> [How to complete this task]:
Without the images, write out all of the following entries exactly.
********************
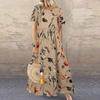 Women's Fashion Summer Spring Flower Pattern Print Short Sleeve O-Neck Loose Waistline Casual Dresses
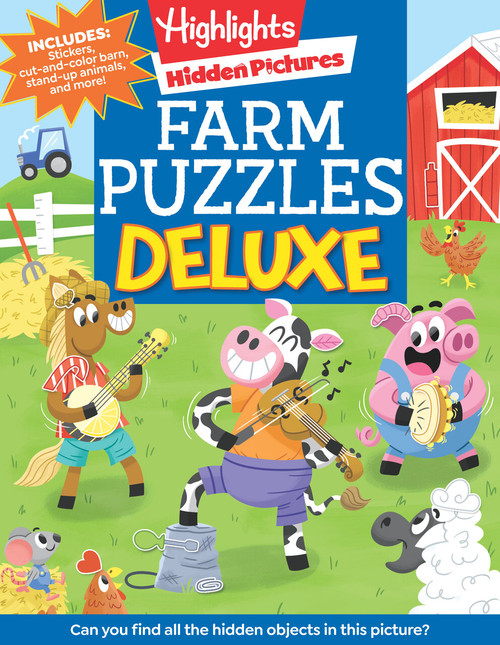Farm Puzzles Deluxe (Farm Puzzle Book for Kids Featuring Cows, Chickens & More with Over 1,200 Objects to Seek and Find for Kids 6 and Up) by Highlights, 9781639620746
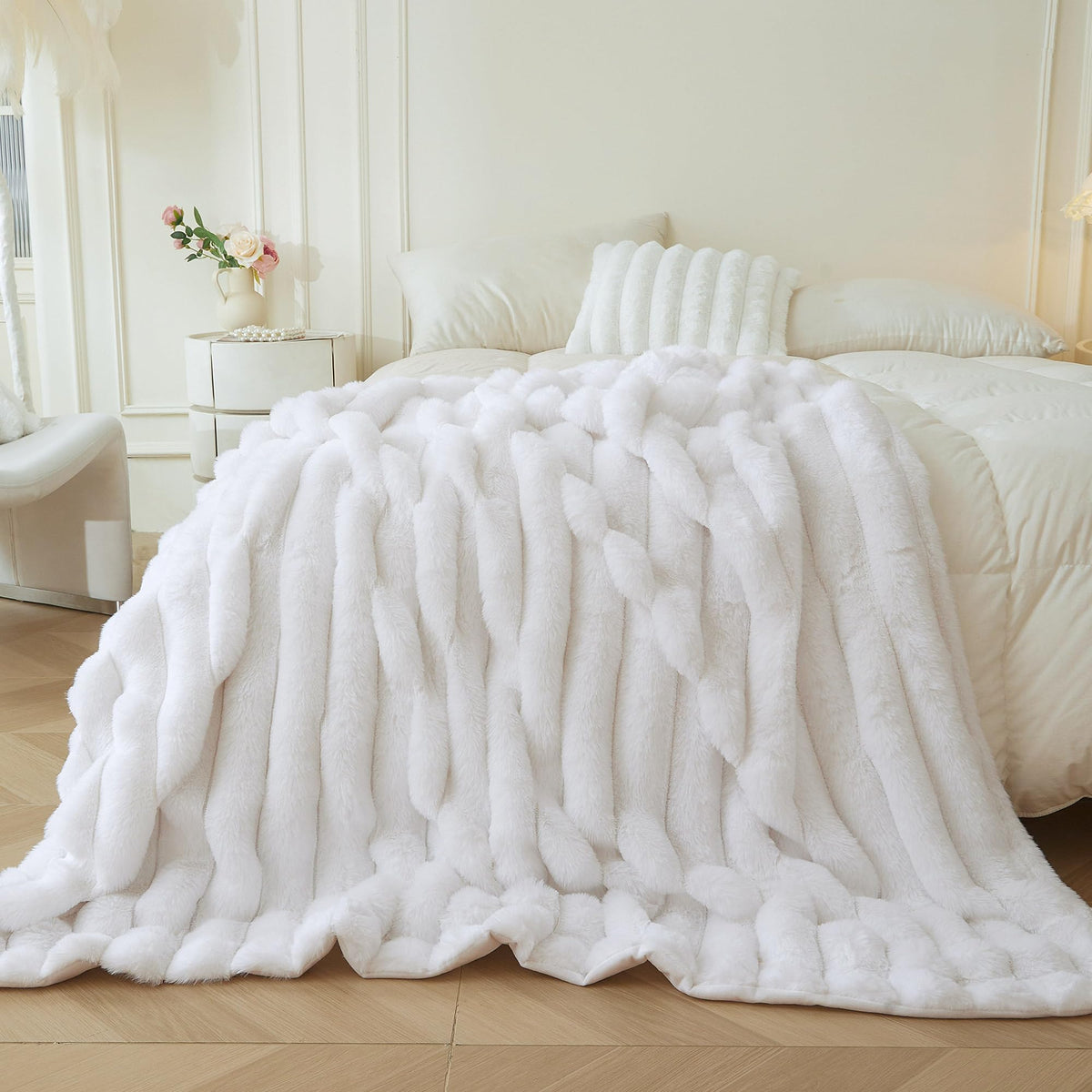 MEGO Fluffy Faux Rabbit Fur Ribbed Throw Blanket 50"x60", Rainbow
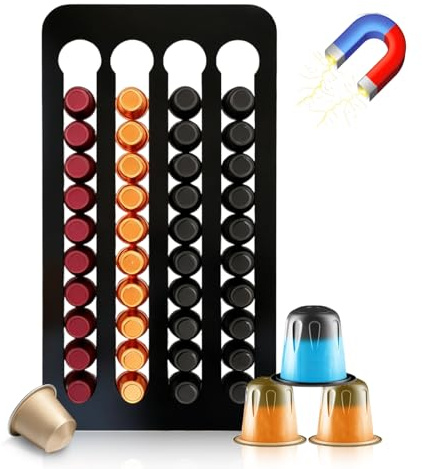 Soporte para cápsulas compatible con Nespresso original, dispensador de cápsulas, magnético, sin agujeros, organizador de cápsulas, soporte para cápsulas de café, soporte para 40 cápsulas de café
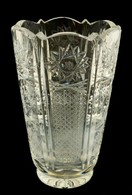 Díszes üvegváza, Csiszolt, Metszett, Kis Csorbákkal, M: 16 Cm - Glass & Crystal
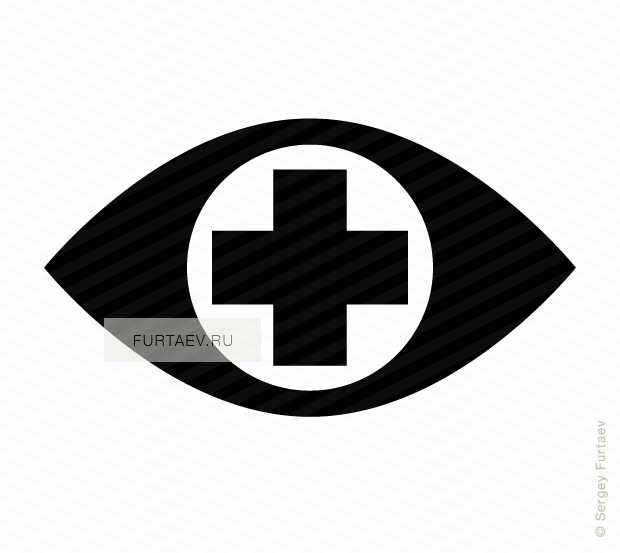 Vector icon of eye with cross in pupil
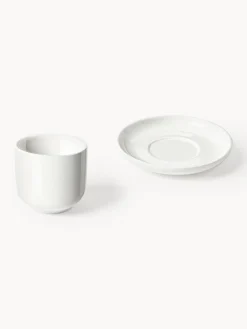 Tazas De Espresso|Vajillas Completas></noscript>Westwing Collection Tazas de café espresso de porcelana con platitos Nessa, 4 uds. Blanco Off White brillante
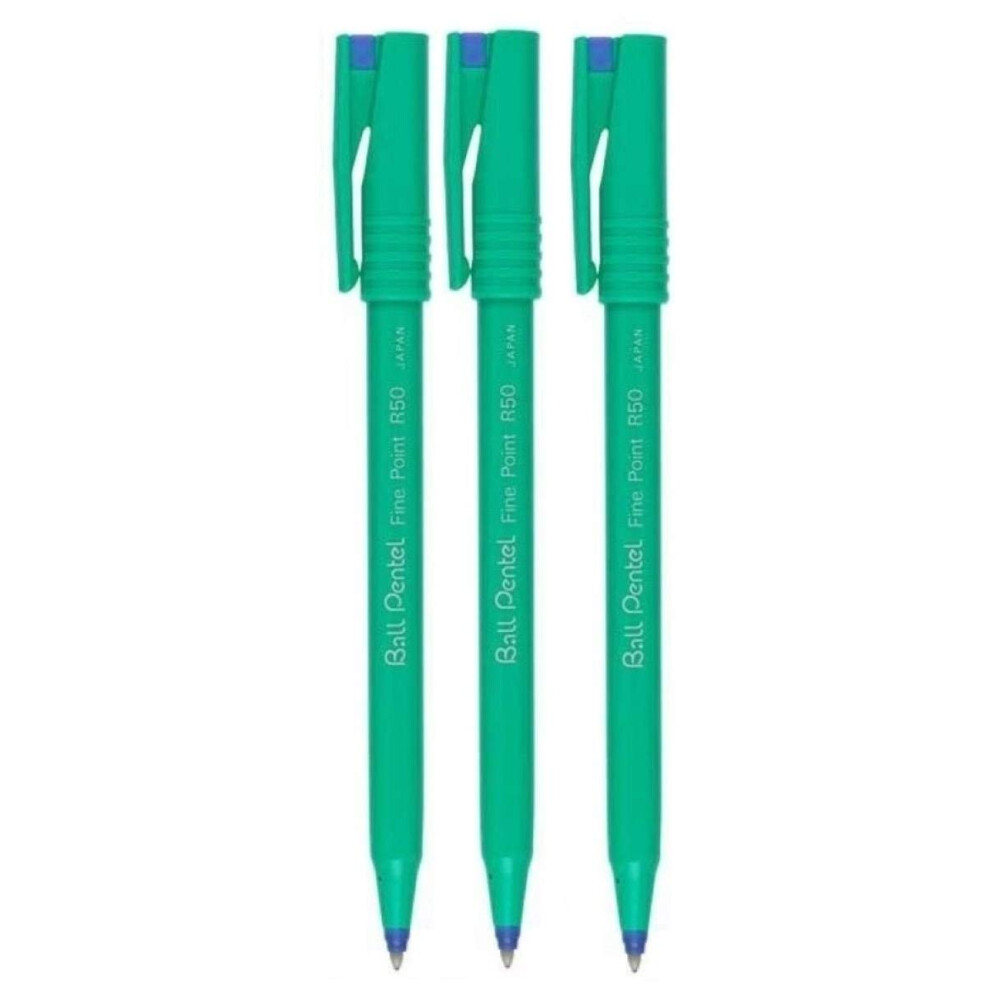Pentel Blue R50 Rollerball Ball Pen Pens Fine 0.8Mm Cushioned Nib Tip 0.4Mm Line Width 77% Recycled (Pack Of 3)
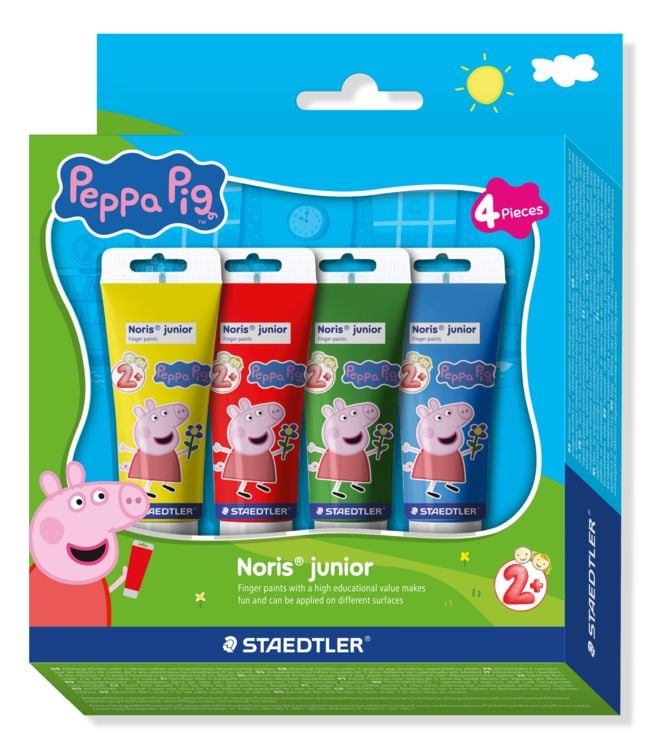 Produktbild: STAEDTLER Fingermalfarbe Noris junior Peppa Pig, 4 Farben, 75ml Tuben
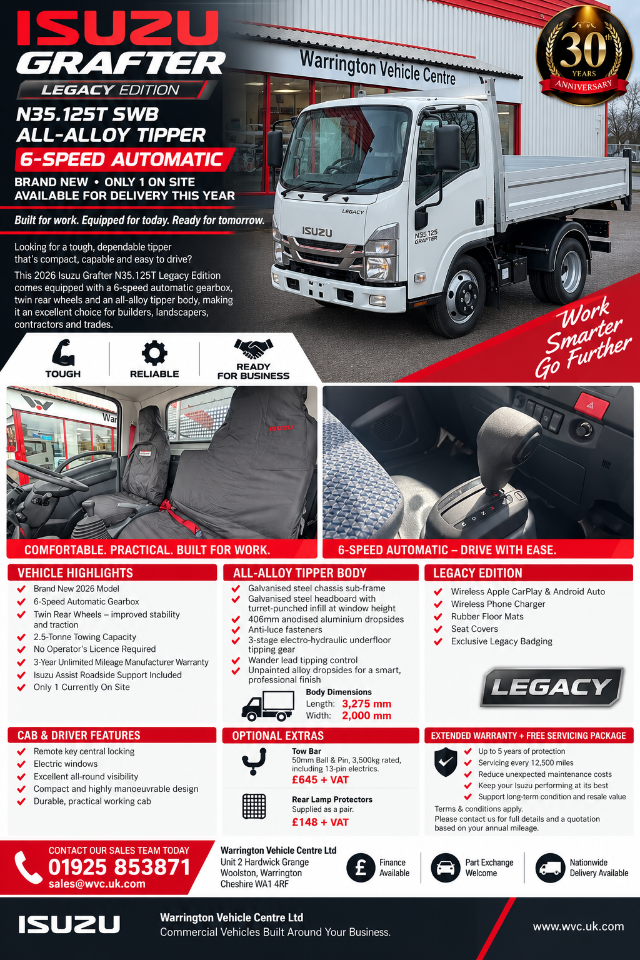 2026 Isuzu Grafter 1.9 N35.125 T SWB ALL ALLOY TIPPER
********************
> [Answer space]:
 Women's Fashion Summer Spring Flower Pattern Print Short Sleeve O-Neck Loose Waistline Casual Dresses
Farm Puzzles Deluxe (Farm Puzzle Book for Kids Featuring Cows, Chickens & More with Over 1,200 Objects to Seek and Find for Kids 6 and Up) by Highlights, 9781639620746
 MEGO Fluffy Faux Rabbit Fur Ribbed Throw Blanket 50"x60", Rainbow
 Soporte para cápsulas compatible con Nespresso original, dispensador de cápsulas, magnético, sin agujeros, organizador de cápsulas, soporte para cápsulas de café, soporte para 40 cápsulas de café
 Díszes üvegváza, Csiszolt, Metszett, Kis Csorbákkal, M: 16 Cm - Glass & Crystal
 Vector icon of eye with cross in pupil
 Tazas De Espresso|Vajillas Completas></noscript>Westwing Collection Tazas de café espresso de porcelana con platitos Nessa, 4 uds. Blanco Off White brillante
Pentel Blue R50 Rollerball Ball Pen Pens Fine 0.8Mm Cushioned Nib Tip 0.4Mm Line Width 77% Recycled (Pack Of 3)
 Produktbild: STAEDTLER Fingermalfarbe Noris junior Peppa Pig, 4 Farben, 75ml Tuben
 2026 Isuzu Grafter 1.9 N35.125 T SWB ALL ALLOY TIPPER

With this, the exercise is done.